Parte da Milano un progetto sperimentale per rendere più sicuri gli ospedali pubblici e privati, presentato dal presidente della Regione Lombardia, Attilio Fontana e gli...


53 0
53 0

Parte da Milano un progetto sperimentale per rendere più sicuri gli ospedali pubblici e privati, presentato dal presidente della Regione Lombardia, Attilio Fontana e gli assessori Giulio Gallera (Welfare) e Riccardo De Corato (Sicurezza) che, insieme al questore di Milano, Marcello Cardona, hanno incontrato tutti i direttori dei nosocomi di Milano e Provincia.

«Quello della sicurezza all’interno dei nostri ospedali, ha detto Gallera, è un tema molto delicato e complesso e sta creando molte difficoltà alle nostre strutture sanitarie.

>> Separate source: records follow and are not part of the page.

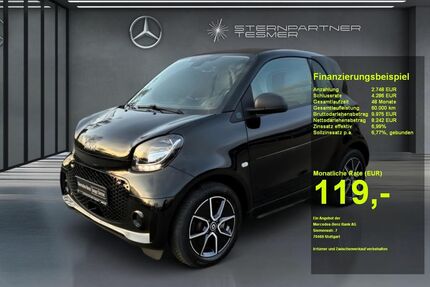 Smart ForTwo Gebrauchtwagen
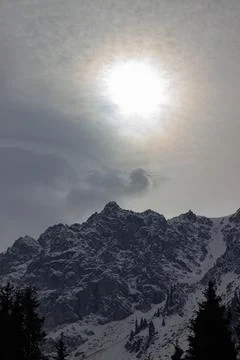 Mountains Stock Photos
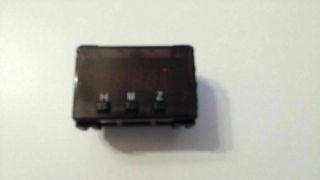 Reloj Digital TATA 270254209942 2702 5420 9942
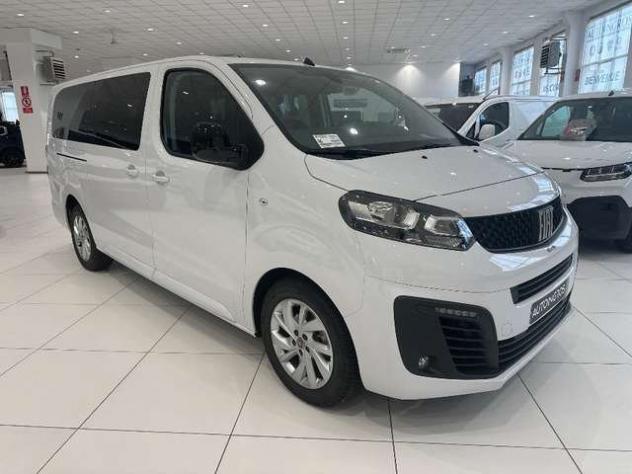 FIAT Scudo Ice 2.0 bluehdi 145cv L3H1 d.cab.fissa (Business) - Foto 2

Stiamo studiando come intervenire a tutela dei malati e dei degenti, degli operatori aggrediti da persone che sostano nei pronto soccorso o negli anfratti e del personale aggredito dai pazienti. Abbiamo trovato grande disponibilità da parte del questore di Milano, Marcello Cardona, che si e’ messo subito a disposizione per dare un significativo aiuto a risolvere questo problema. Milano vuole essere un incubatore e un modello. Vogliamo trovare soluzioni specifiche per ciascun ospedale perché ognuno ha necessità e peculiarità proprie».

Entro dicembre si renderanno note tutte le misure che saranno prese ospedale per ospedale. L’obiettivo è quello di applicare, a partire da Milano, un modello che poi, plasmato secondo le singole esigenze degli ospedali, sarà replicato anche nel resto della Regione. “Oggi, Regione Lombardia, inizia un percorso che, contribuirà a risolvere questa situazione preoccupante e alla si deve rispondere con misure concrete”.

L’assessore De Corato ha evidenziato «L’eccezionalità di questo incontro, il primo del genere in Italia. Bisogna cambiare mentalità nell’affrontare questo problema e lo faremo con misure concrete a partire, per esempio, dall’installazione di strumenti come colonnine o pulsanti di SOS collegate direttamente con le centrali operative. Stiamo pensando di coinvolgere anche poliziotti e carabinieri in pensione o congedo oltre a guardie private. Stiamo anche cercando di estendere anche agli ospedali la possibilità di partecipare ai bandi per la Videosorveglianza cosi’ da rendere ancora più sicure le strutture».